The issue
is timely not only because it feels very much like fall/winter around these
parts but because reminders of our dependence on trees are always timely.That dependence is an an underpinning of civilized life here
on earth that we're prone to forget.
Because
plants absorb carbon dioxide from the air and release oxygen, they make the
atmosphere a lot more friendly for creatures who need oxygen to breathe like
us.
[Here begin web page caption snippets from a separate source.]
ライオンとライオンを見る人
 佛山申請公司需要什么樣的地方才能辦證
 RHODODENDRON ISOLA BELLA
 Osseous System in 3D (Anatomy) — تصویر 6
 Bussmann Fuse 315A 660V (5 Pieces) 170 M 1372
We in turn release carbon dioxide in our breathing process, a gas that
trees like all green plants take in.
That
oxygen-CO2 cycle is one of the reasons people are more likely to live a rich
and happy life where trees flourish, Audubon Society writer Teri Dunn Chace
points out in her essay "Tree Work: What trees do and how they do it"
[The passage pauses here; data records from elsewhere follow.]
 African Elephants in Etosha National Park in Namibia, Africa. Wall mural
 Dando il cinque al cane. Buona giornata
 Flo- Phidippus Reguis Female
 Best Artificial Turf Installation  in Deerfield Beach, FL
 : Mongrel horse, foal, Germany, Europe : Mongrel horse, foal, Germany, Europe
in the current issue. "Where there are no trees," she writes, quoting
traditional wisdom, "life is as barren as the desert."
The value
of this inter-dependent relationship between people and trees can be seen in
landscapes that have lost their trees -- places that have been logged or stripped of trees by disease and the grazing animals that eat the new shoots before they
can grow high. In these landscapes the soil erodes without tree roots to hold
it. Poor soil produces less food. Human population declines.
But we're
just getting started on what trees do for human beings. Trees also counter some
of the effects of burning fossil fuels. These fuels produce greenhouse gases
such as carbon dioxide. The gases trap sunlight and raise the air temperatures the way a plant nursery
"greenhouse" heats the air inside of it. The process is the principal accelerator of
global warming.
Trees reduce the greenhouse effect by removing some of the
carbon dioxide from the air. They help make our environment more habitable for
human beings and other living things. They can help, as scientists have been
telling us for some time, save the world.
The cooling
effect of trees works on the micro level as well. We're all aware of the relief
from the heat provided by shade trees in summer. Shade trees cool our homes, streets
and other impervious surfaces that turn densely developed urban areas into
asphalt jungles. When it's hot downtown, my advice is to find a place with
trees, grass, other plants. The air around you cools down at once and becomes more
livable.
Trees
provide habit for birds, squirrels and insects. We're not crazy about insects,
but the birds who come to feed on the trees also reduce the noxious pests we
really do have to worry about, mainly mosquitoes.
We're a
long way from understanding how trees "think," but we do know they
release chemicals that fight insect infestations and other pests such as harmful
fungi. They also release substances that stimulate the
growth of beneficial fungi that destroy insects pests such as gypsy moth
caterpillars.
Given these
considerations it's interesting, though perhaps not surprising that the the writers of the Audubon's "The Lives of Trees" issue invoke Tolkien's
"Ents," the tree-like beings who watch over forests, to give trees
their just place in our world view.
"Tolkien's
sense that trees are sensitive and worried about their survival or indignant
at abuses doesn't seen so fanciful," Chace writes. "Although trees
seem permanent and durable, they are vulnerable. We ought to be giving these
grand complex beings the space and respect they need and deserve -- for their
survival as well as our own."
In another
article called "The Oak Tree's World," writer Michael Caduto also references
the Ents. "I imagined a wise oak and wondered what it would have to say if
I understood the language of Ents," he writes. The tree might say that it
has seen it all, he concludes. Native trees can live at least three times as
long as humans, giving them a unique standing in nature.
The tree is
"the suture that ties mineral to air, water... and fire," Caduto
writes.
We also also, it
seems to me, can continue that metaphor to say that trees are one of the
main "sutures" that tie human beings to the earth.
We see
trees come down in storms, attacked by blights and removed for a host of
reasons by human society. But we should never take them for granted. One of the
foundations of human existence on earth is "living with the trees."